Multiquadric and its shape parameter—A numerical investigation of error estimate, condition number, and round-off error by arbitrary precision computation

Hardy’s multiquadric and its related interpolators have been found to be highly efficient for interpolating continuous, multivariate functions, as well as for the solution of partial differential equations. Particularly, the interpolation error can be dramatically reduced by varying the shape parameter to make the interpolator optimally flat. This improvement of accuracy is accomplished without reducing the fill distance of collocation points, that is, without the increase of computational cost. There exist a number of mathematical theories investigating the multiquadric family of radial basis functions. These theories are often not fully tested due to the computation difficulty associated with the ill-conditioning of the interpolation matrix. This paper overcomes this difficulty by utilizing arbitrary precision arithmetic in the computation.
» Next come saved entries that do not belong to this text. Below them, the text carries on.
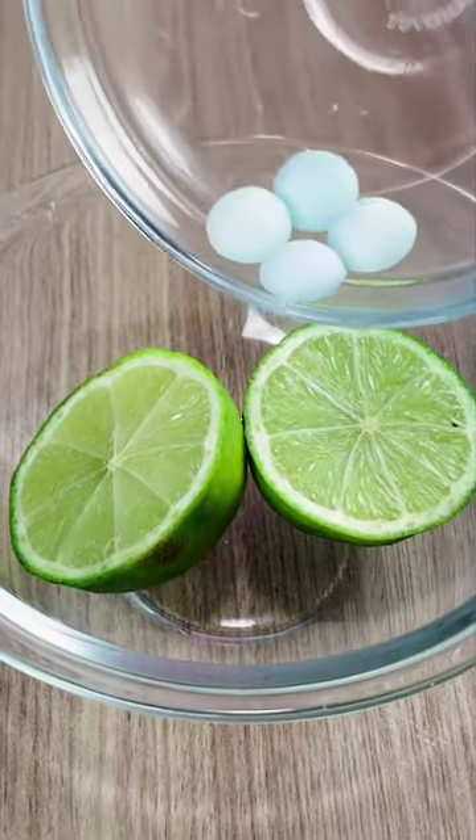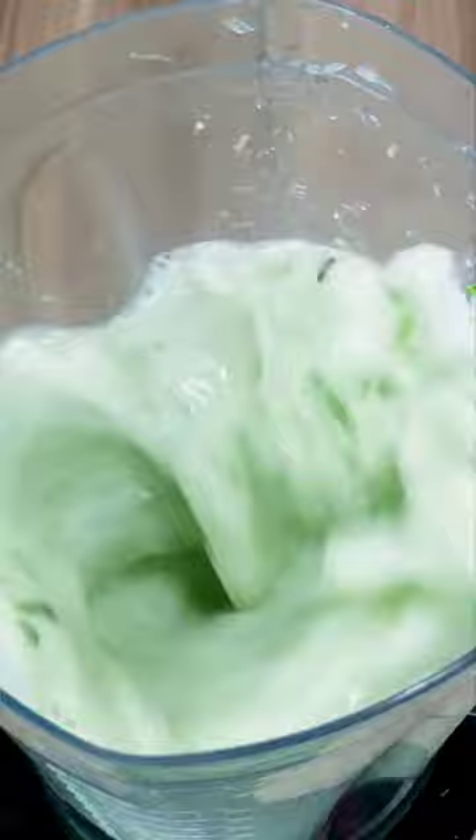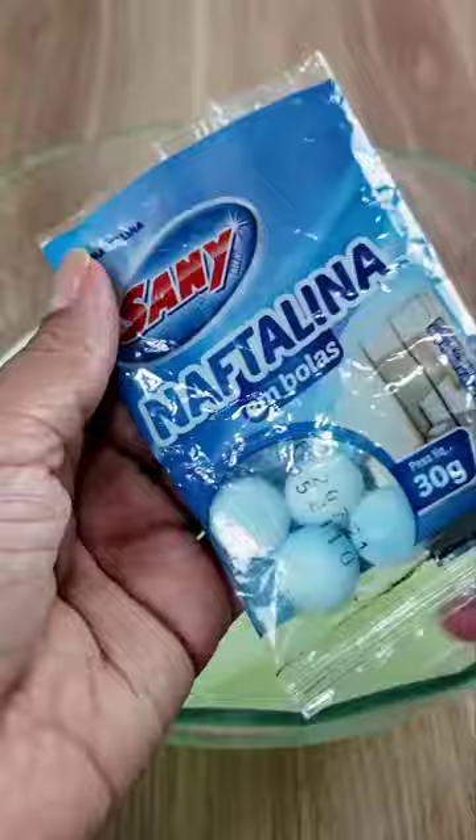Put mothballs in the lemon and you'll thank me. Add two lemons and 500 milliliters of water to a blender. Beat well until completely crushed, then transfer all the liquid to another container using a sieve.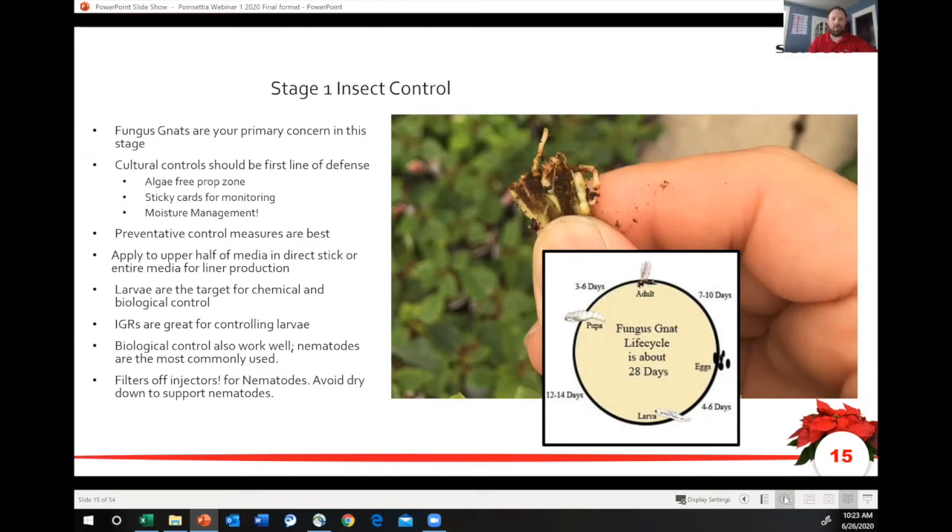This is the time you want to apply some IGRs. This is also a great time to deploy nematodes. In a long-term crop like this, nematodes really make sense for especially targeting that larva stage that's going to be your challenge. It's not so much the adults — it's the larva going to be eating away the inside of that bottom tip of the callus or that poinsettia.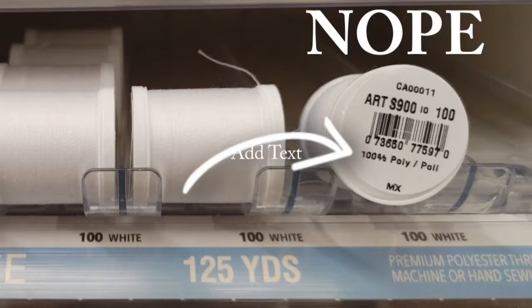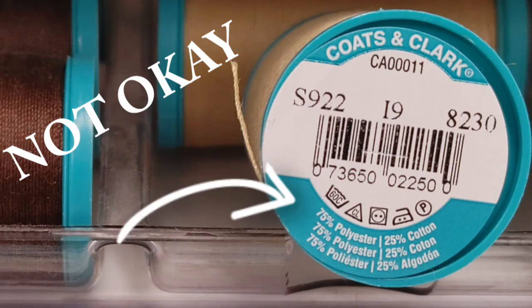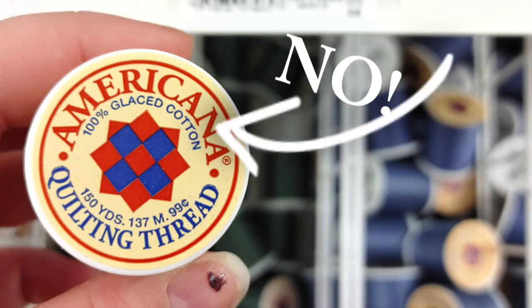This one says 100% polyester — don't use it. This one says 100% cotton — that's okay. This next one says 75% polyester and 25% cotton — not okay. And this glazed cotton should never be used in a sewing machine; it will mess up the tension discs.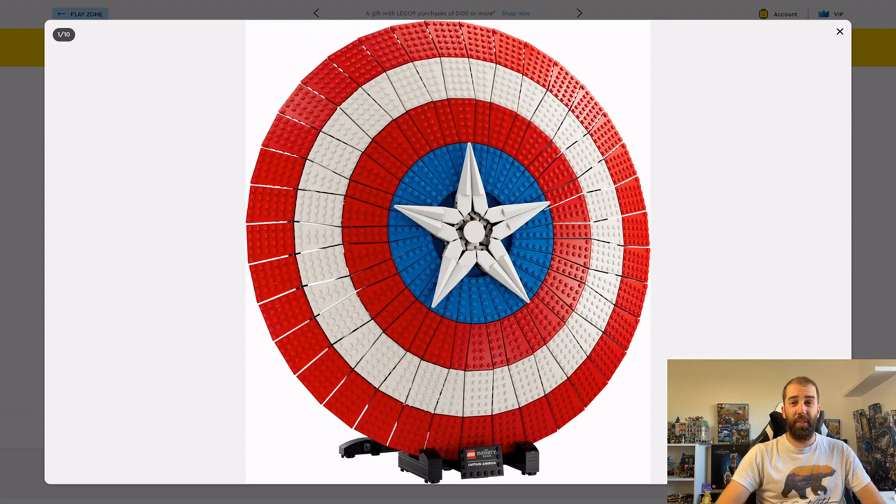So that's it — Captain America's Shield is coming August 1st. Please let me know in the comments what you think of this set and whether it excites you. I'd really appreciate a like on this video, and if you've enjoyed today's content I'd be very grateful if you consider subscribing. Thanks very much for watching!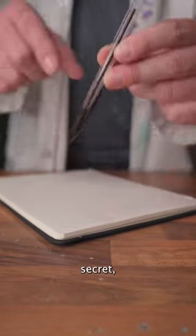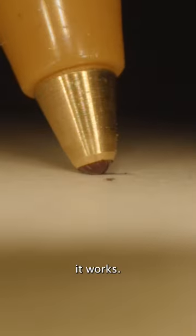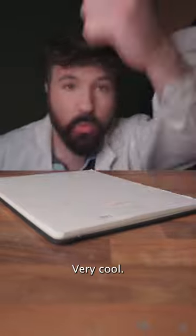This pen has an interesting secret, and I'm going to show you what that is. So we all know this is called a ballpoint pen, but that name actually describes how it works. We can see a small ball rolling as it's coated with ink, so that means when it stops working the ball has jammed. Very cool.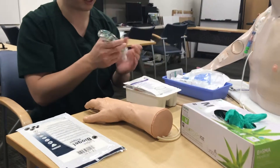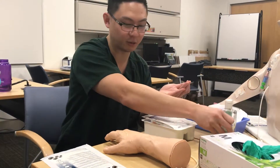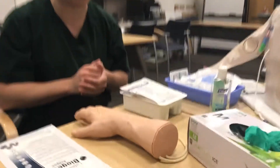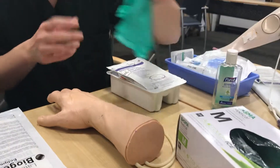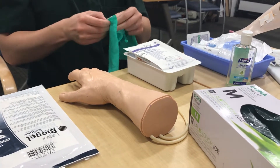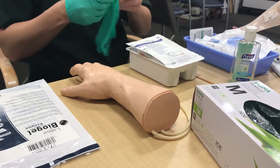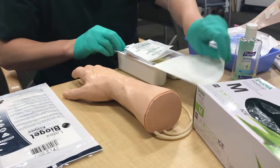First things first, you're always going to wash your hands first. Evaluate the areas where you might potentially get a blood culture. You can look at the hand — this particular hand has a lot of veins that are easily visible. Take your first set of non-sterile gloves and, after you've evaluated your site, open your kit and see what's inside.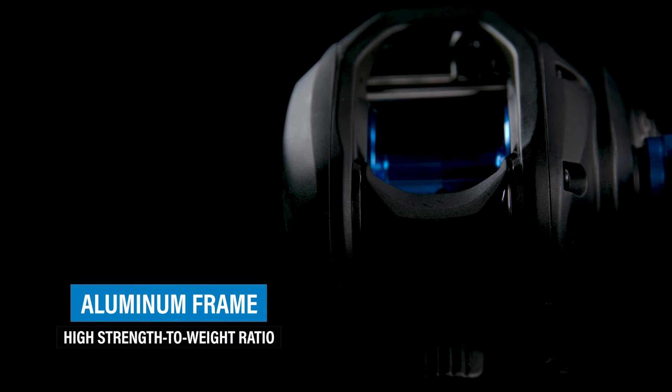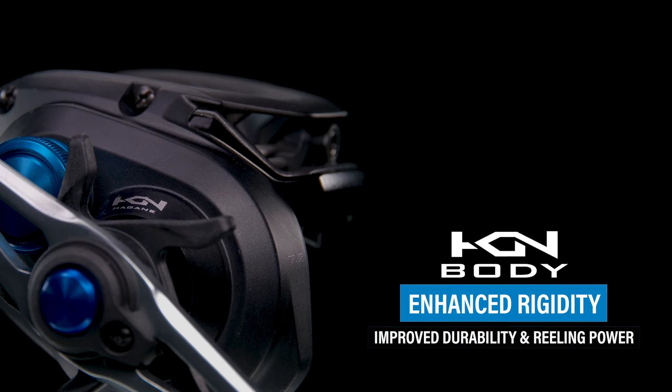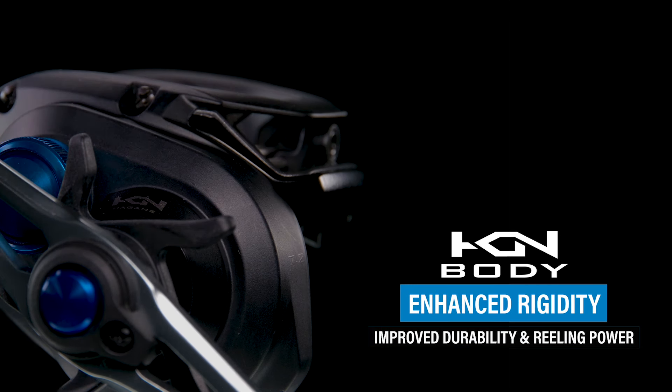Number two: the Hagane body is made of a highly rigid metal, with its weight reduced to the limit. The Hagane body eliminates flex, warp, and distortion of the reel, allowing smooth reeling with little power loss. Furthermore, the highly rigid body protects the engagement of the gear system from shock while maintaining smooth reeling.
The issues investigated include conditional positive definiteness, error estimate, optimal shape parameter, traditional and effective condition numbers, round-off error, derivatives of interpolator, and the edge effect of interpolation. ► Multiquadric and Gaussian RBF are efficient interpolating functions and solving PDE. ► Interpolation error is reduced by varying shape parameter w/o reducing mesh size. ► Arbitrary precision computation is used to explore theoretical results. ► Investigated error estimate, optimal shape parameter, condition no., and roundoff error.